Vorteile gibt es für beide Varianten.

Während Closed-Loop-Programme von operativer Kostenseite deutlich billiger zu handhaben sind, stellt die begrenzte Einsetzbarkeit eine natürlich Limitierung dar.

Im Gegensatz dazu garantieren Open-Loop-Programme typischerweise höhere Transaktionsvolumina, öffnen aber auch die Interchange-Diskussion.

Eine weitere Unterscheidung bei der Funktionalität der Karte liegt in der Fähigkeit die Karte nach der Nutzung wieder aufzuladen. Wenn man sich die bisherige Entwicklung von Prepaid-Karten anschaut, kann man unschwer erkennen, dass der Trend zunehmend Richtung Open-Loop-Produkte geht, die wiederaufladbar sind.

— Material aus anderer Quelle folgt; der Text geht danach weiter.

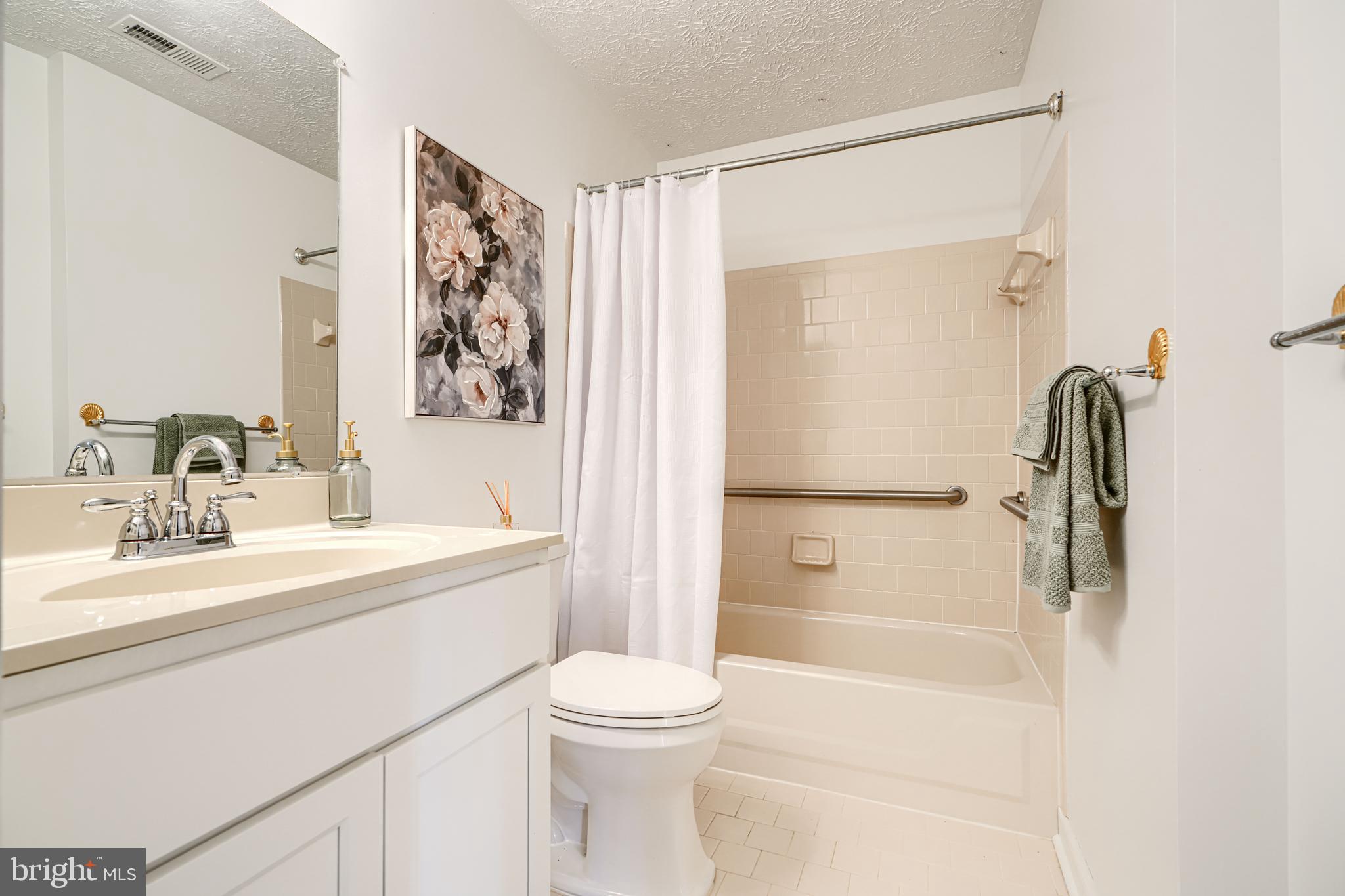 THE POND - Residential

Umworbenes sind vor allem: Kunden mit schlechterer Bonität

Eine zweite Unterscheidungsstufe bei Pre-paid-Produkten zielt auf das Kundensegment ab, für den das Produkt konzipiert wurde. Das am häufigsten genannte Kundensegment ist dabei das Segment der sogenannten unbanked oder underserved. Das sind Kunden, die in Folge einer Bonitätsprüfung normalerweise keine Zahlungskarte bekommen würden. Nach Schätzungen von Edgar, Dunn & Company gibt es in Europa mehr als 200 Millionen potenzielle Kunden in diesem Bereich.

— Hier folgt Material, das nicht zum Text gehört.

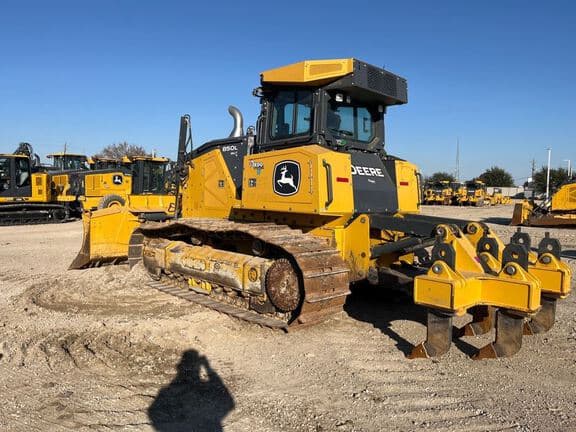 Image of John Deere 850L WLT equipment image 2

Ein Produktbeispiel für dieses Segment ist die Reloadcard der Landesbank Berlin, die ausdrücklich auf die "Karte ohne Schufa" hinweist. Andere Kundensegmente, die sich für den Einsatz von Prepaid-Produkten eignen, sind der Jugendbereich (siehe Splash Plastic herausgegeben von Pre Pay Technologies in Großbritannien) oder Online-Shopper (siehe Paysafecard).

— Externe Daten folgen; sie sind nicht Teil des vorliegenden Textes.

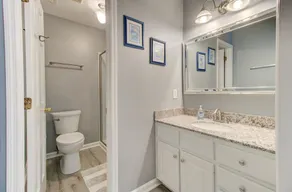 Hyggelig Kure: 5 BR / 3 BA enebolig i Kure Beach, 12 sovepladser - Image 2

Das dritte Kriterium ist das Industriesegment, in dem die Prepaid-Karte eingesetzt werden kann. Es gibt hierfür interessante Daten einer von Mastercard in Auftrag gegebenen Studie, die untersuchte, aus welchen Bereichen die größte Nachfrage nach Prepaid-Karten stammt. Die Daten belegen, welch weitreichendes Spektrum Prepaid abdecken kann.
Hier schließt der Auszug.